━━━ Given data
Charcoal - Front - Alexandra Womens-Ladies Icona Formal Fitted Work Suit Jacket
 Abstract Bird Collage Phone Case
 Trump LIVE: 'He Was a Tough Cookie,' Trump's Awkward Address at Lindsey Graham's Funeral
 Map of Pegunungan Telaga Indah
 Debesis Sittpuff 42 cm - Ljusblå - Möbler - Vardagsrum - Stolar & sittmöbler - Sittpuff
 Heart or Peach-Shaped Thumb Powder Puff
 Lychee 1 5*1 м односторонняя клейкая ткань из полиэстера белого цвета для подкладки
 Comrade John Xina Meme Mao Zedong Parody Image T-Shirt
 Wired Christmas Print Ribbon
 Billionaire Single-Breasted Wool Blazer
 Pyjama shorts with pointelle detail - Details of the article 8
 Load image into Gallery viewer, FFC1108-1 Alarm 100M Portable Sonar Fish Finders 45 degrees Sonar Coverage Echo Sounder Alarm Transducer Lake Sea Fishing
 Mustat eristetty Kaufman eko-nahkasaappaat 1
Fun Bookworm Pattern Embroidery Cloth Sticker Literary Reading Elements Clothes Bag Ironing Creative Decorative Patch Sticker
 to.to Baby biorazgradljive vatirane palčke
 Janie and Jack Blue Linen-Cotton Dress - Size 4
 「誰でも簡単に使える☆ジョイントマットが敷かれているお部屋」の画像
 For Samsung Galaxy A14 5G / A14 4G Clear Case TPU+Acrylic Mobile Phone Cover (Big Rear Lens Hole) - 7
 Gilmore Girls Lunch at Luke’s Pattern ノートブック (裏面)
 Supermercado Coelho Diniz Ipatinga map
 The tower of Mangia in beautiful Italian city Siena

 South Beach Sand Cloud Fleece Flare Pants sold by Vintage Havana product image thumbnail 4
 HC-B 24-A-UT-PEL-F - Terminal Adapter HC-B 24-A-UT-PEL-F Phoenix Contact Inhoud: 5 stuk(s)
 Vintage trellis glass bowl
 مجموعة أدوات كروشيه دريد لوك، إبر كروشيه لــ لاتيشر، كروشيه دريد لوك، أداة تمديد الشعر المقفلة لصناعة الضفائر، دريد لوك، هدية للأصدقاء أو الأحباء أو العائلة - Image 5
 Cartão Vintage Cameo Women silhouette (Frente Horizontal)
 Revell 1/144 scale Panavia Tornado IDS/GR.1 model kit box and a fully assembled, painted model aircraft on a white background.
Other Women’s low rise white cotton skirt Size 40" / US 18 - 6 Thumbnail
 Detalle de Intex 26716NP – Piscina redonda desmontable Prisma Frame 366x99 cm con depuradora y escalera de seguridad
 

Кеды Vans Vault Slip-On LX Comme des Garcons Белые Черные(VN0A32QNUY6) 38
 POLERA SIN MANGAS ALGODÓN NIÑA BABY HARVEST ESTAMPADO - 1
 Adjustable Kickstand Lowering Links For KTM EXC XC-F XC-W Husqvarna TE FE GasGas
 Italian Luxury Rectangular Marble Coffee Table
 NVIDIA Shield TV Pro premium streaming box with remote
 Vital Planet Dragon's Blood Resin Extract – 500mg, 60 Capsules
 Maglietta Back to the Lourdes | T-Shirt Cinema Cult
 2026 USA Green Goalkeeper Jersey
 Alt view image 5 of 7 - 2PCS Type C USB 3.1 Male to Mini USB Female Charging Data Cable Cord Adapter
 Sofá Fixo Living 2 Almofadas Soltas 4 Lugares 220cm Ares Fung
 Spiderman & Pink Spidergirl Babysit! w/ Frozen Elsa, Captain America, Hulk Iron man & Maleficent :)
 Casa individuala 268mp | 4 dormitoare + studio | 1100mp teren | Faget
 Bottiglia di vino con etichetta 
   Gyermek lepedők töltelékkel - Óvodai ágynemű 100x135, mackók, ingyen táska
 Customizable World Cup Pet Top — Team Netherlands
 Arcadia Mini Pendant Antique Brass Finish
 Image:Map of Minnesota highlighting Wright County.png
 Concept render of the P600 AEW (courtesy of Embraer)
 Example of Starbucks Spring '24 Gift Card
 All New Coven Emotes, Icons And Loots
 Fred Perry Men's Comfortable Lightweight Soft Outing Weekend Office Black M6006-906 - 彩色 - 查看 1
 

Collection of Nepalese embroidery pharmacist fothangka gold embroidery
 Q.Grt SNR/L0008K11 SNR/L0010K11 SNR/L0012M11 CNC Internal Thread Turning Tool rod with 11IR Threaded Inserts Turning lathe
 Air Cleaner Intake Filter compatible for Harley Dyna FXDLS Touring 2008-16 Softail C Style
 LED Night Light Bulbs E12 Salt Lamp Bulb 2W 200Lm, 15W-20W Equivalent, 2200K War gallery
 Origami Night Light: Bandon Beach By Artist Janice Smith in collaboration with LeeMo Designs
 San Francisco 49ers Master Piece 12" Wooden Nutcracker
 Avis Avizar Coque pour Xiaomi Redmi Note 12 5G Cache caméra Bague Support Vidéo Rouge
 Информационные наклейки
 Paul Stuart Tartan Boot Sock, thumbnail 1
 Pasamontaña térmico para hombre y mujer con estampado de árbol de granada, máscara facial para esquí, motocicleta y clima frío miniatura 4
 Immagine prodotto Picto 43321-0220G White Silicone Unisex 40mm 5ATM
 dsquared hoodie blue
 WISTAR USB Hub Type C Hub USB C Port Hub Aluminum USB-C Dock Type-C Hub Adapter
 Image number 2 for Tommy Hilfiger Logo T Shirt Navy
━━━━━━
Description of the task =
Please copy all lines of the listing in which the string "Size" occurs.

Solution for this problem =
 Janie and Jack Blue Linen-Cotton Dress - Size 4
Other Women’s low rise white cotton skirt Size 40" / US 18 - 6 Thumbnail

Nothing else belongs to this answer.